AI Training Data Size Estimator
Estimate the minimum recommended training dataset size for a machine learning model based on model parameters, input features, task type, and desired confidence level.
params
features
classes
%
%
%
Fill in the fields above and click Estimate.
Formulas Used
1. PAC / VC-Dimension Bound (Blumer et al., 1989; Vapnik, 1998):
N_PAC = (1/ε) × (d_VC × ln(2/ε) + ln(2/δ)) where: ε = 1 − (desired_accuracy / 100) [acceptable error rate] δ = 0.05 [5% failure prob. → 95% confidence] d_VC ≈ number of model parameters [VC-dimension proxy]
2. Rule-of-Thumb Estimates (empirical, per architecture):
Linear / Logistic : N = 10 × features × classes Shallow NN : N = 50 × features × log₂(classes) Deep NN : N = 10 × √params × classes CNN : N = 1000 × classes Transformer : N = max(100 × classes, 100 × √params) Random Forest : N = 100 × features × log₂(classes + 1)
3. Noise Correction:
N_noisy = N_clean / (1 − noise_rate)²
4. Total Dataset Size:
N_total = N_train / (train_split / 100) Final = max(N_PAC, N_rule_of_thumb) → noise correction → split adjustment
5. Storage Estimate:
bytes_per_sample = num_features × 4 (float32) total_storage = N_total × bytes_per_sample
Assumptions & References
- VC-dimension proxy: The number of free parameters is used as a proxy for VC-dimension.
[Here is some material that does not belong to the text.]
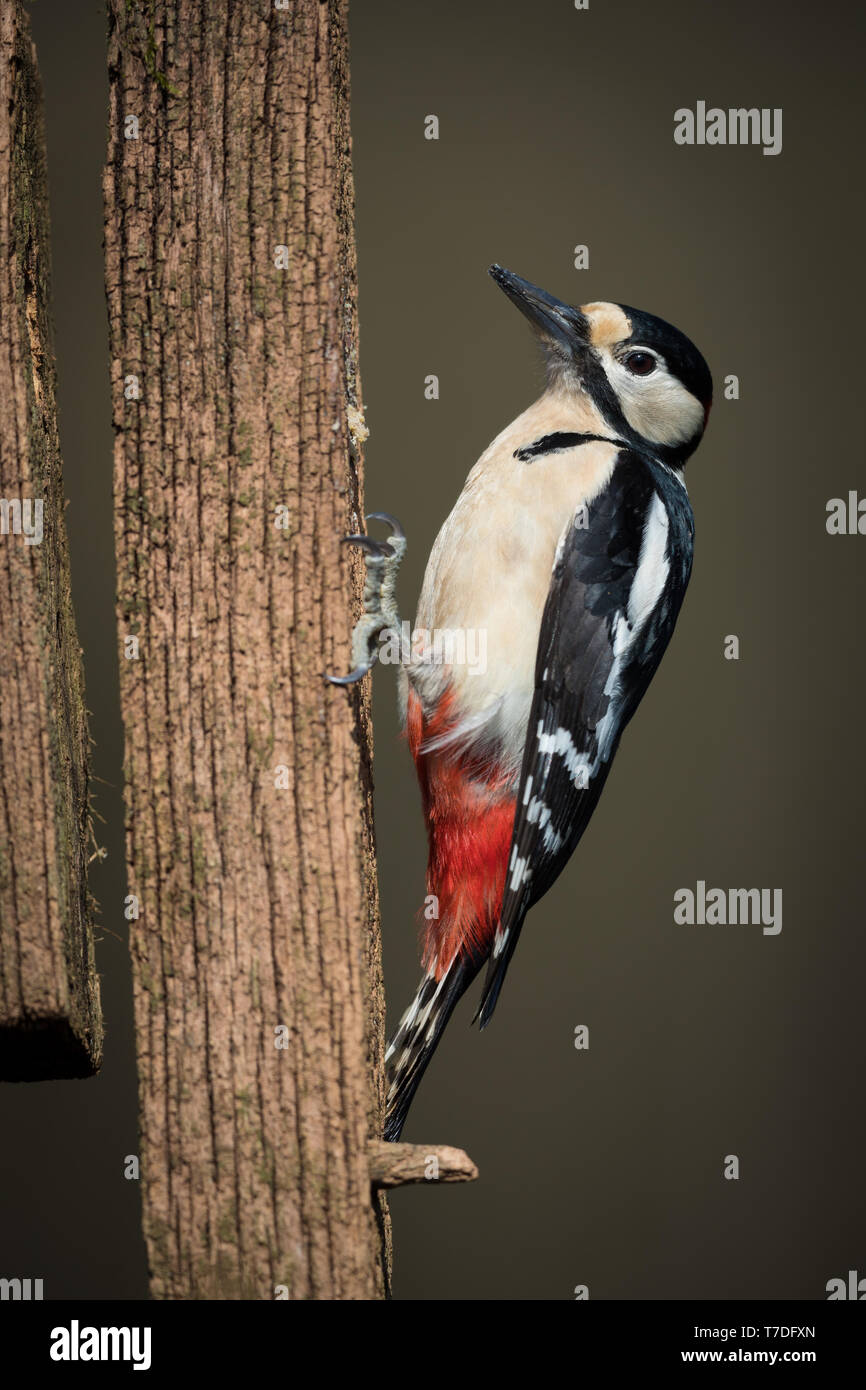 Great spotted woodpecker perched on an old fence post Stock Photo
This is an approximation; true VC-dimension depends on architecture geometry.
- PAC confidence: Fixed at 95% (δ = 0.05), a standard choice in learning theory.
- Rule-of-thumb multipliers are derived from empirical community guidelines: Harrell's "10 events per variable" for linear models; ImageNet's ~1000 images/class for CNNs; Goodfellow et al. informal guidance for deep networks.
- Noise model: Label noise inflates sample requirements quadratically (Natarajan et al., 2013 — learning with noisy labels).
- Storage assumes raw float32 feature vectors; real datasets (images, text, audio) may differ significantly due to compression and tokenisation.
- These are minimum estimates. Production systems typically require 5–100× more data for robustness, fairness, and distribution coverage.
- References: Vapnik (1998) Statistical Learning Theory; Blumer et al. (1989) Learnability and the Vapnik–Chervonenkis Dimension, JACM; Goodfellow et al. (2016) Deep Learning, MIT Press; Natarajan et al. (2013) Learning with Noisy Labels, NeurIPS.